May 13, 2002 - One Thing
We sang "Singleminded" on Sunday. And you know, it's true - the more I live life, the more I become more and more certain day by day that all of life really does come down to just one thing, and that's to know Jesus and make Him known. (Yes, the Nav vision!) And, yes, it really is "one thing." When you know Jesus, it immediately follows that you just MUST make Him known. It flows naturally out of you; in fact, you can't even help it. To know Christ is to make Him known. Where there is an inward conviction, there is always outward expression...

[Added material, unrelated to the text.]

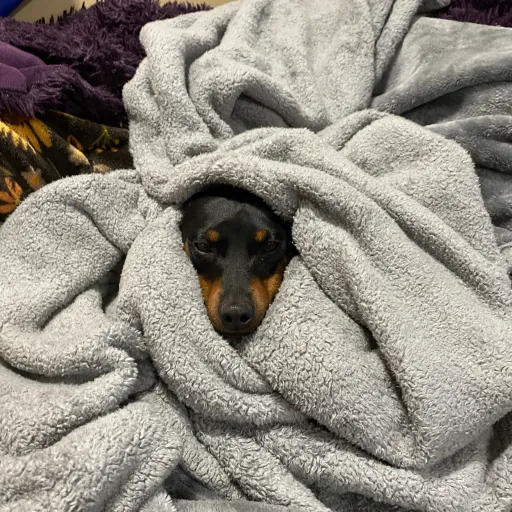 creator KAMY-ATE AND LEFT's avatar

Knowing Jesus - knowing that He is indeed God, Sovereign, wondrous, wondrous, beautiful in all ways - makes me long to tell the world about Him. He is the Lover of my soul! Do you know Him? Do you know my Jesus? Do you know Him like I know Him? If not, you're missing out, my friend. And I'd like to introduce you...

This is My Father's World
I've just finished memorizing two stanzas to this wonderful hymn. You can listen to the midi and read the rest of the hymn at http://www.cyberhymnal.org/htm/t/i/tismyfw.htm . I really like the melody. And there is just something about these words... There is just something about hymns in general - always brings me back to the Center.

Here's what I memorized:

This is my Father’s world, and to my listening ears
All nature sings, and round me rings the music of the spheres.
This is my Father’s world: I rest me in the thought
Of rocks and trees, of skies and seas;
His hand the wonders wrought.

This is my Father’s world. O let me ne’er forget
That though the wrong seems oft so strong, God is the ruler yet.
This is my Father’s world: why should my heart be sad?
The Lord is King; let the heavens ring!
God reigns; let the earth be glad!

May 12, 2002 - Flowers
There is just something about flowers... I'm not sure what it is, but I was trying to find a bouquet for my mom and there were so many beautiful flowers all bunched together, I just couldn't decide which one to get for her! So beautiful!!! It made me think of two things:

1. A hymn:
"For the beauty of the earth,
for the glory of the skies,
for the love which from our birth,
over and around us lies,
Lord of all, to Thee we raise,
this our hymn of grateful praise."

The earth and all that is in it that the Lord has given to us is so beautiful and wondrous! What blessings He has lavished on us!! Let us give thanks and praise to Him!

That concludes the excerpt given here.